# How do I find an ADC circuit's bandwidth experimentally?

The bandwidth is the frequency for which the output is down 3 dB. It it a function of the analog portion of your circuit and does not depend on the sample rate nor the Nyquist rate which are basically digital concepts. Thus, in your experiment, the bandwith will be the frequency, fin, for which the output has dropped by 3 dB.

The plots below (taken from here) show why calculating ADC 'bandwidth' from peak sample values may be problematic.

The plot on the right shows what happens when the sampling frequency is below the input frequency. The signal has aliased down to a lower frequency inside the Nyquist limit, and there is no way to tell what the actual input frequency was. Despite this, the ADC is still producing the same peak amplitude for a frequency way above its 'bandwidth'.

Note also that while the peak amplitudes are identical, neither of them actually reach the peak amplitude of the input signal. This may be a problem because the sampling points depend on the relative phase of the input and sampling frequencies. At certain frequencies and phases there will be 'nulls' of lower peak amplitude, going down to zero amplitude when the sampling rate exactly equals the input frequency. However, provided the input frequency and sampling rate are not locked in phase you will (eventually) see the true peak values.

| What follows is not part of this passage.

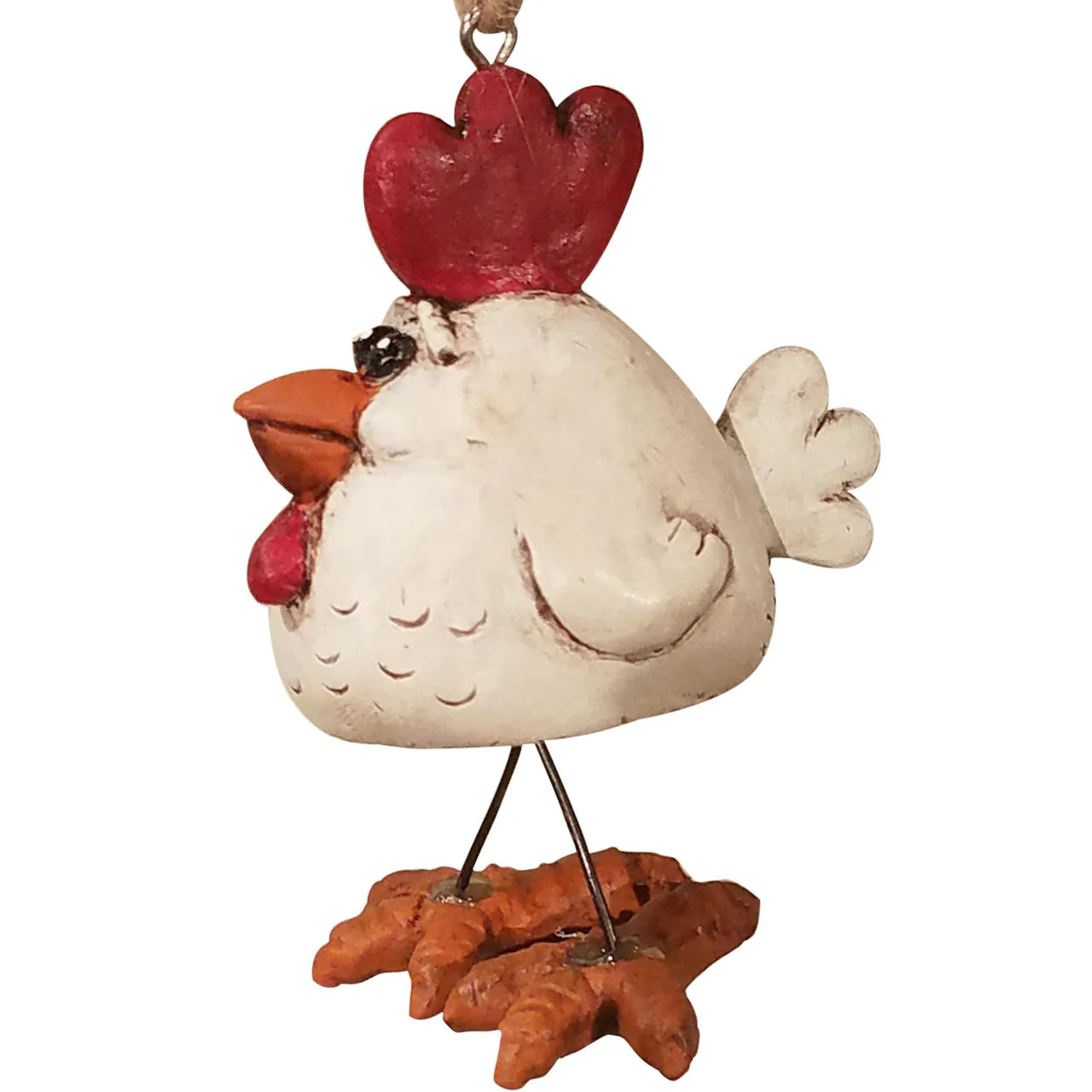 Handcrafted resin chicken ornament with wire legs, predominantly white with a red comb and brown feet, designed for holiday decoration.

When I find the -3dB point, what is the corresponding official bandwidth I've found? Is it fin or fin/2 with consideration of the Nyquist rate?

I'm not sure that an 'official' Nyquist related bandwidth exists, but if it did I imagine it would be based on the rms level of many samples with random phases, not the peak sample values. Usually the aliased output above half the sampling rate is considered to be anomalous, so the first dip to -3dB below that (if it existed) would be considered the bandwidth.

You may not detect any dip in peak values due to the sampling rate, but you should see any attenuation in the analog circuitry before or inside the ADC (antialiasing filter, sample-and-hold circuit etc.). Depending on the sample rate applied, that analog bandwidth may be much higher than the Nyquist frequency or sampling rate.

I think you are confused about what happens when the input frequency exceeds the Nyquist limit. The peak-to-peak voltage doesn't change...assuming you collect enough samples...but the apparent frequency of the signal changes. If there is a "bandwidth" beyond which the signal is attenuated, then it is due to the analog electronics of your ADC, not to the effect of sampling.